• Task item: Among the records below, find the line with "Semi Soft Silk" and the line with "Irregular Hoops Ear Studs E1024". Set down both and every line between, exactly and with no pictures, but nothing else.

• Records supplied:
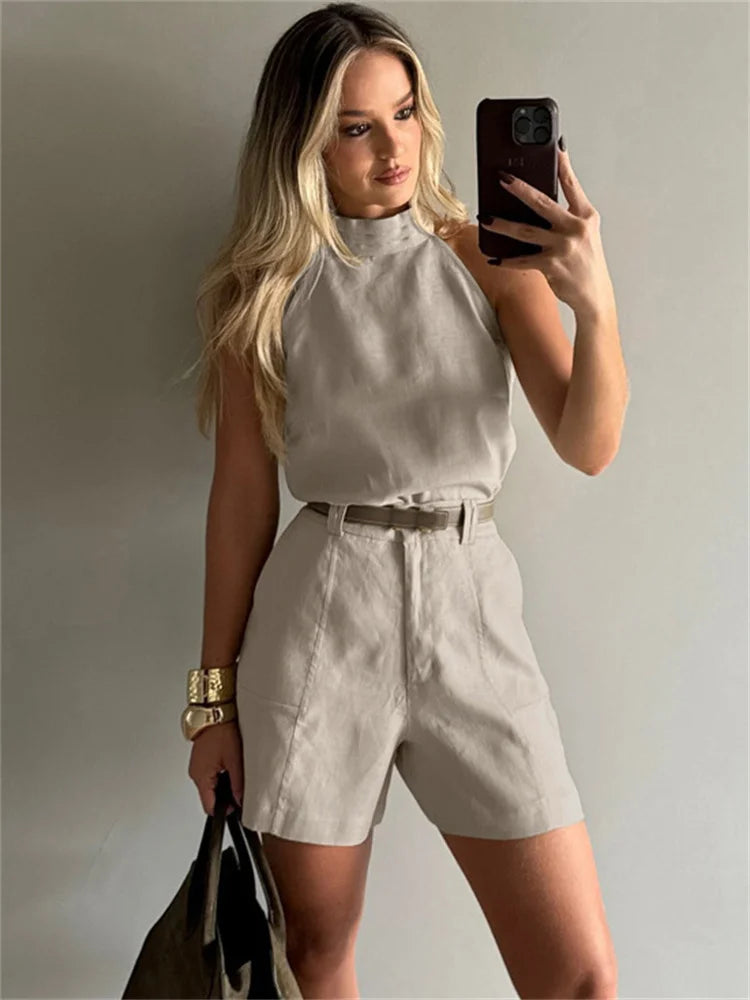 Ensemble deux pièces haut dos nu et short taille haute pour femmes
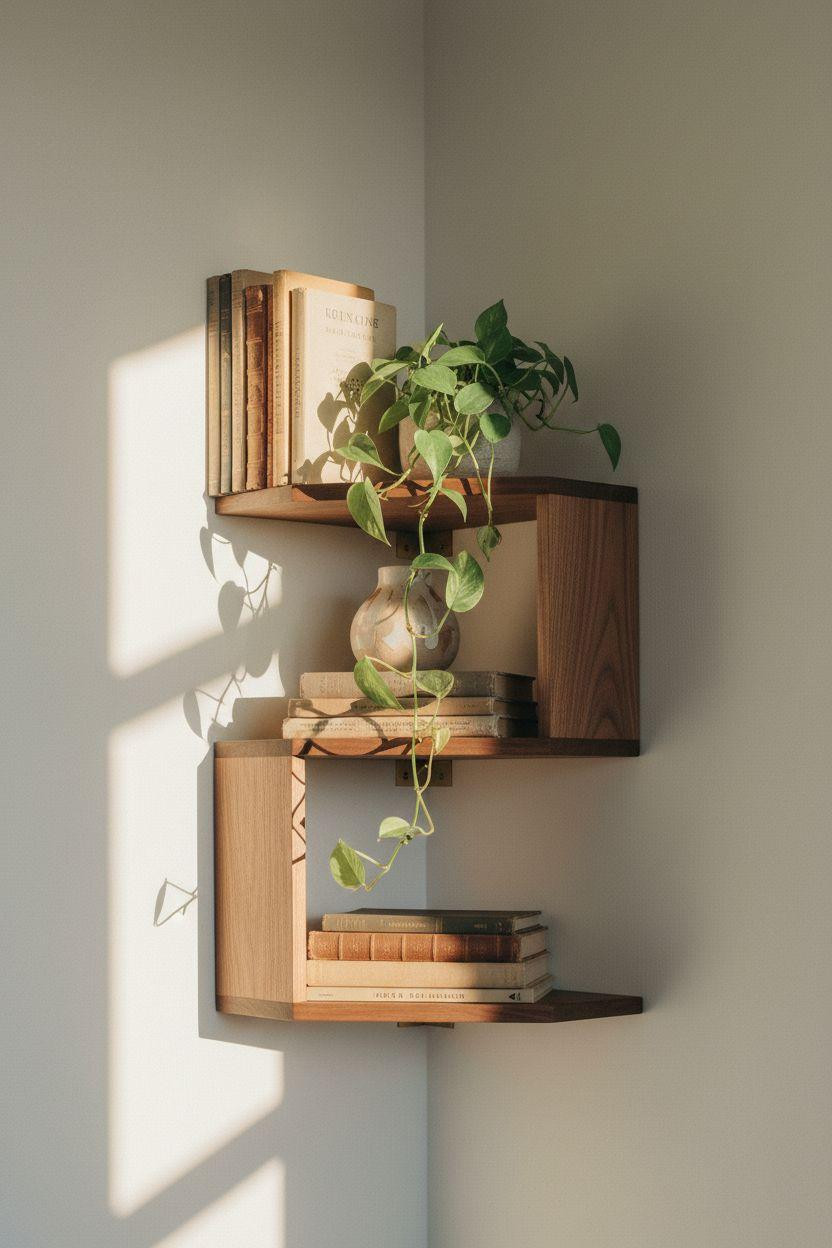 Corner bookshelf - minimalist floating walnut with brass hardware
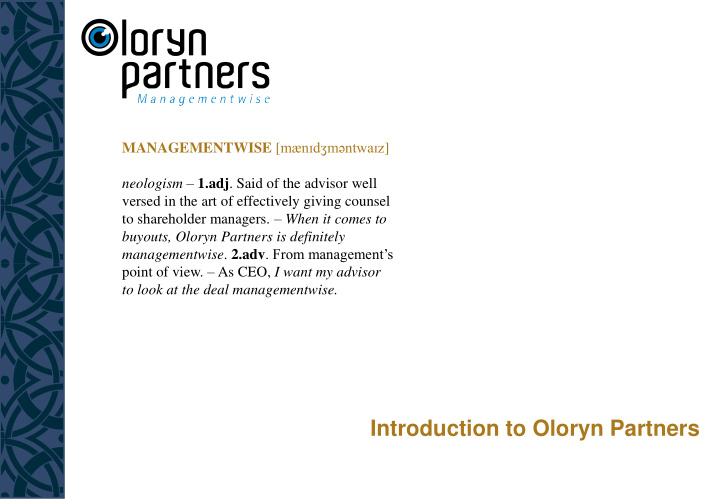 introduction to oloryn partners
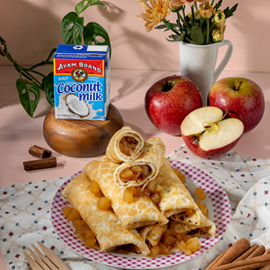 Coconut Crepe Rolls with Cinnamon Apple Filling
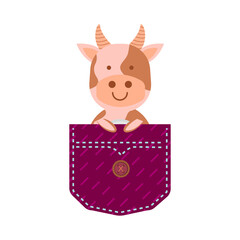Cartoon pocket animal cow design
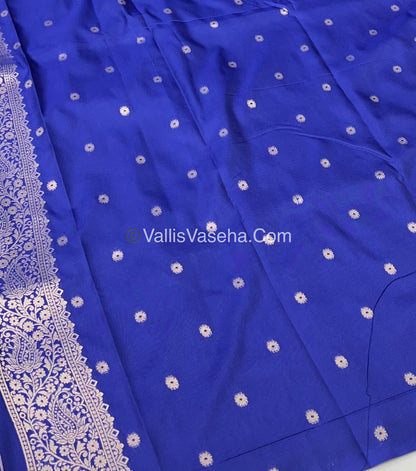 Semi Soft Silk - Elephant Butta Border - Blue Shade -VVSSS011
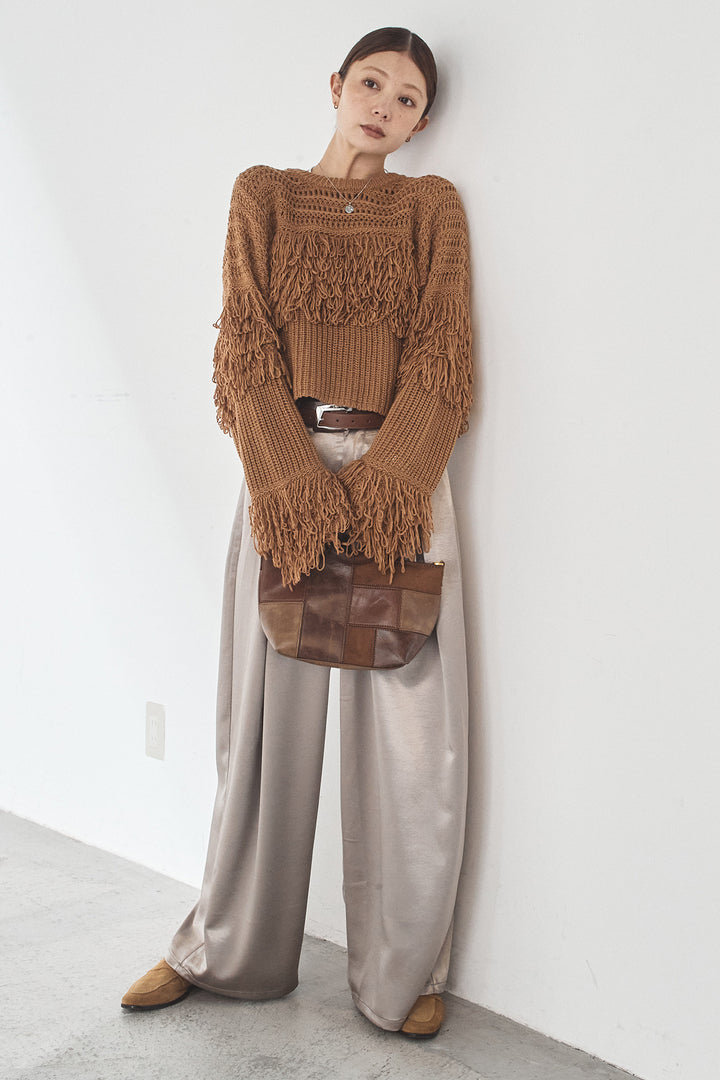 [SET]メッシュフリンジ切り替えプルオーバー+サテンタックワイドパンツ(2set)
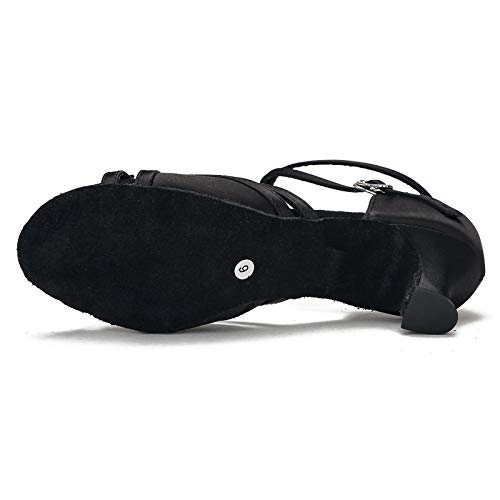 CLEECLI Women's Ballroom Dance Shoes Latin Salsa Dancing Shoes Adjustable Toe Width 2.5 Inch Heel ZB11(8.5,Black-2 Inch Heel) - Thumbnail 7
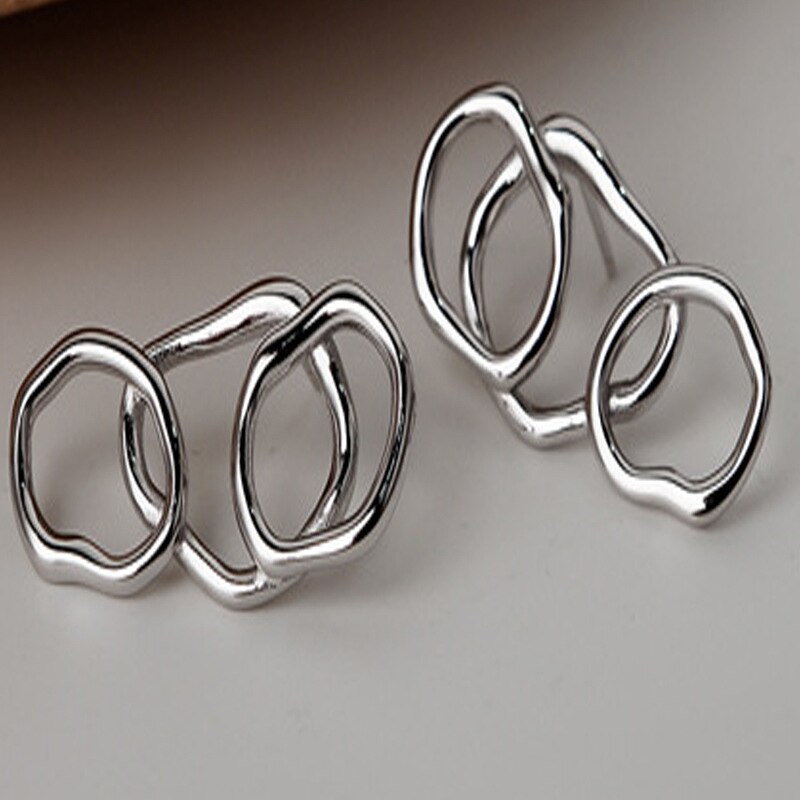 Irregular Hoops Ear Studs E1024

* * *

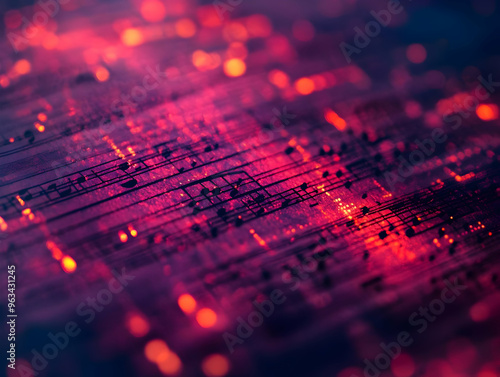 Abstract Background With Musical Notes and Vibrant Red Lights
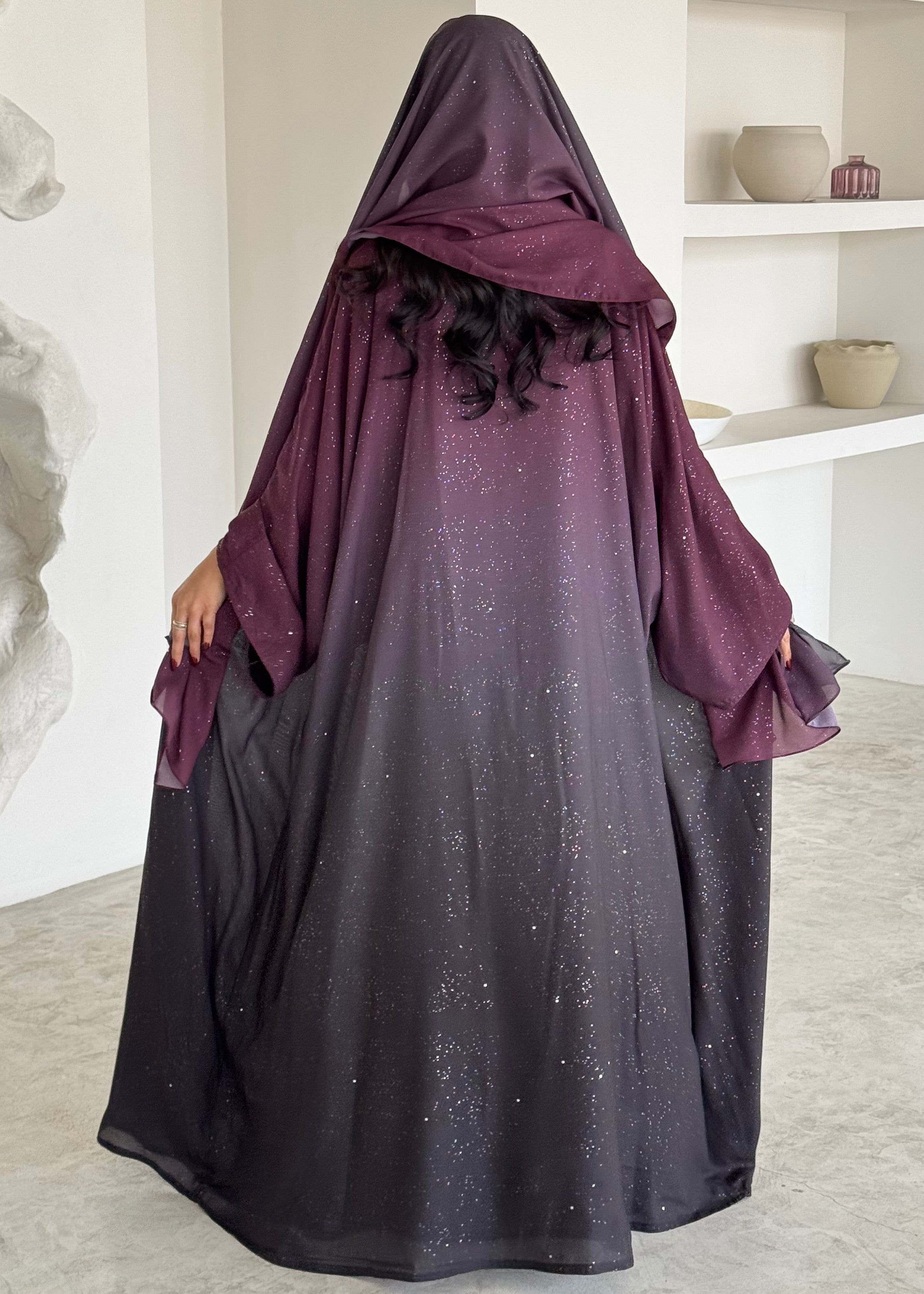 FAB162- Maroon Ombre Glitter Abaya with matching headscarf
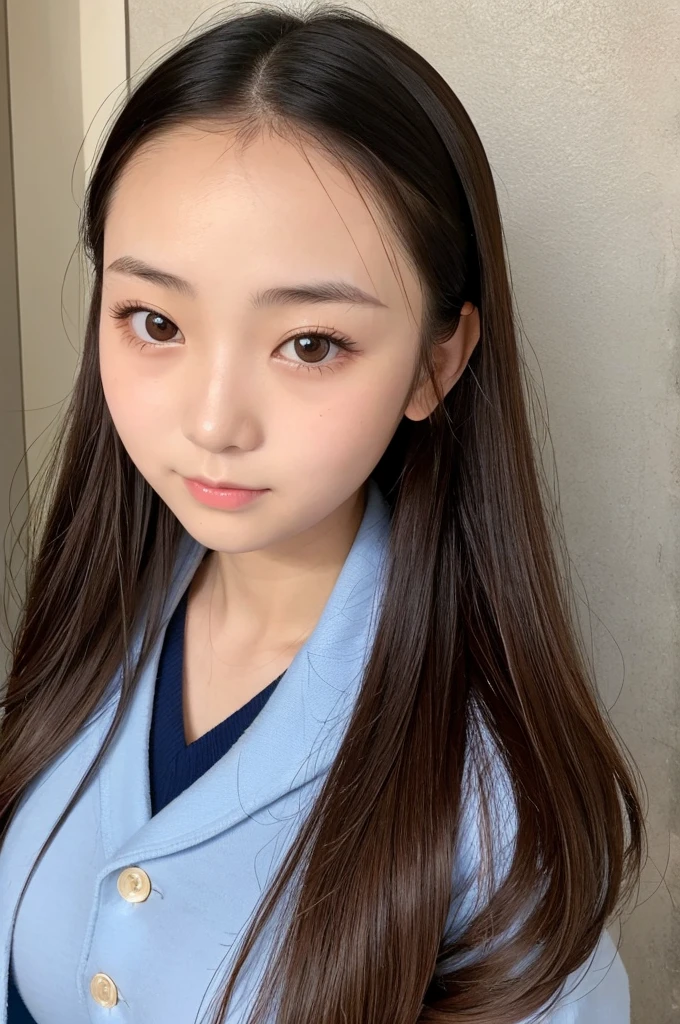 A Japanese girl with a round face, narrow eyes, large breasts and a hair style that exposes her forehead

* * *

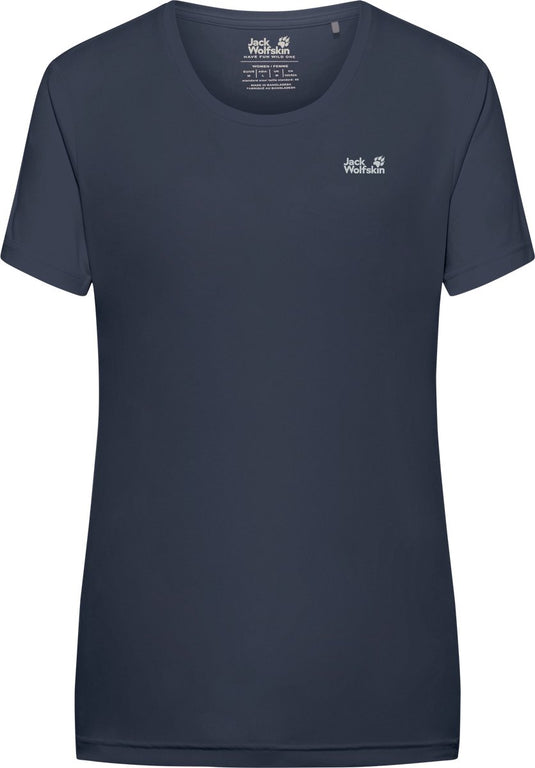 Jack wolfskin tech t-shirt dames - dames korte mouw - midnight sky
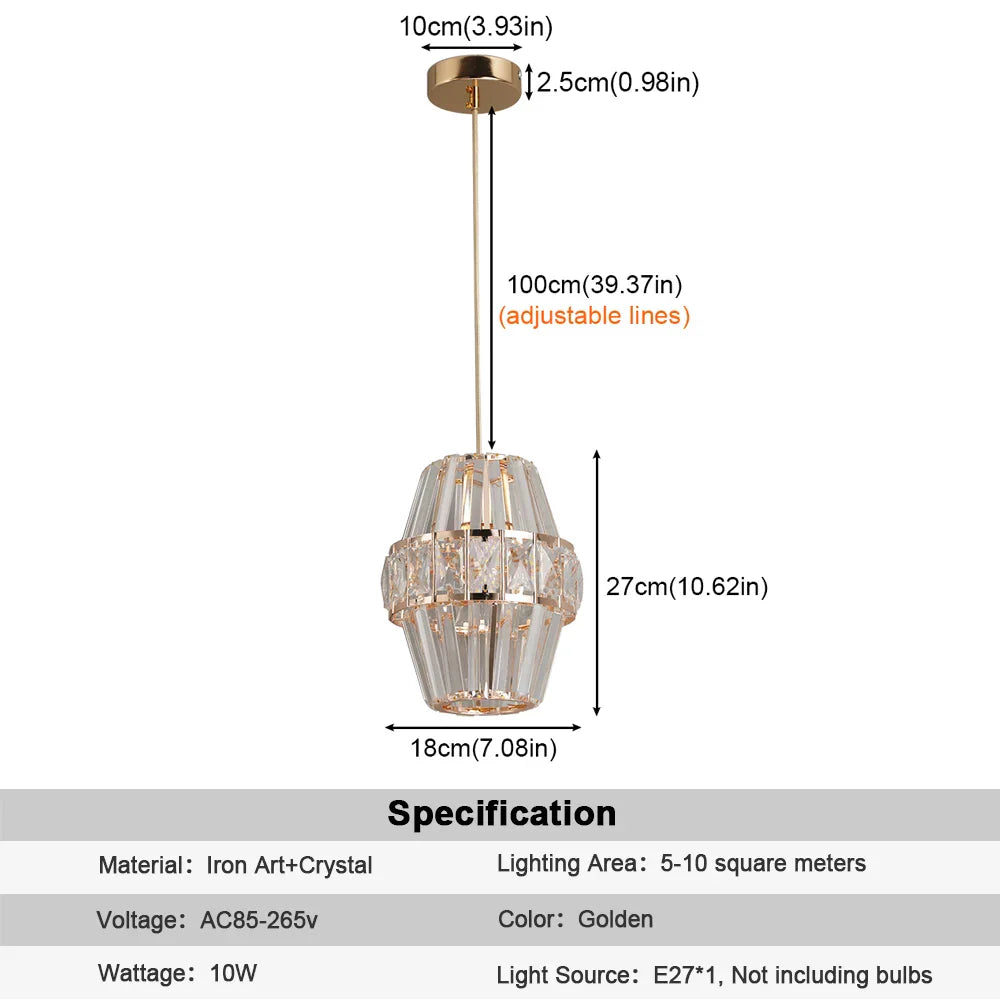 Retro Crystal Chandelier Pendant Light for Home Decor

• Written response:
 Semi Soft Silk - Elephant Butta Border - Blue Shade -VVSSS011
 [SET]メッシュフリンジ切り替えプルオーバー+サテンタックワイドパンツ(2set)
 CLEECLI Women's Ballroom Dance Shoes Latin Salsa Dancing Shoes Adjustable Toe Width 2.5 Inch Heel ZB11(8.5,Black-2 Inch Heel) - Thumbnail 7
 Irregular Hoops Ear Studs E1024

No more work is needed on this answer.